Liquidation judiciaire des Aciéries de Bonpertuis : un symbole de la perte d'un savoir-faire industriel.

Liquidation judiciaire des Aciéries de Bonpertuis : un symbole de la perte d’un savoir-faire industriel.

24.10.2025 12:03
3 min de lecture

Une faillite emblématique du déséquilibre énergétique et industriel français

Le tribunal de commerce de Lyon a mis un terme à la saga des Aciéries de Bonpertuis en prononçant leur liquidation judiciaire. Cette décision suscite une vive inquiétude au sein du secteur métallurgique français, d’autant plus que Forlam, la société mère, était déjà en proie à une situation financière délicate.

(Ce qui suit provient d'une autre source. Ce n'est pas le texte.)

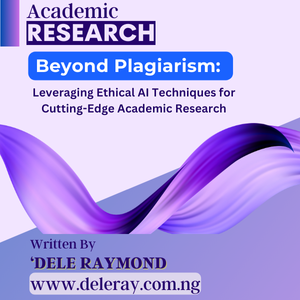 Academic Research: Beyond Plagiarism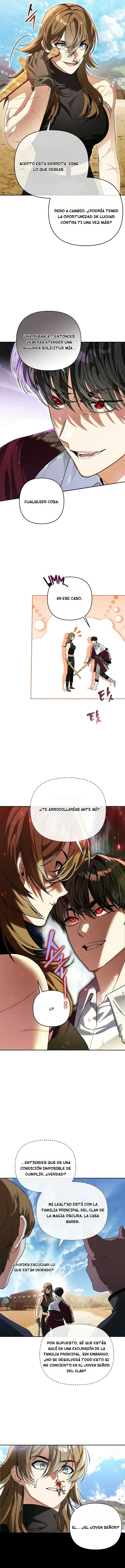 Me convertí en el genio bastardo de un noble clan oscuro capítulo 6 página 9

La montée inéluctable des coûts de l’énergie, couplée à une concurrence accrue sur le plan international, a conduit l’entreprise à se déclarer en cessation de paiements le 1ᵉʳ août 2025, rapporte TopTribune.

Pour l’année 2023, les Aciéries de Bonpertuis ont enregistré une chute de leur chiffre d’affaires, passant de 25,3 millions à 20,3 millions d’euros, avec un résultat d’exploitation affichant une perte de 2 millions. Cette situation, caractéristique des aciéries de taille intermédiaire, les met face à des géants européens et à des producteurs d’Asie mineure. Les charges fixes, telles que l’énergie, la maintenance et les redevances environnementales, ont poursuivi leur hausse, tandis que la demande pour les aciers longs et étirés demeure incertaine. En conséquence, les aides publiques dans le cadre du plan France 2030 ont favorisé les acteurs plus intégrés et technologiquement avancés, négligeant ainsi les structures plus anciennes.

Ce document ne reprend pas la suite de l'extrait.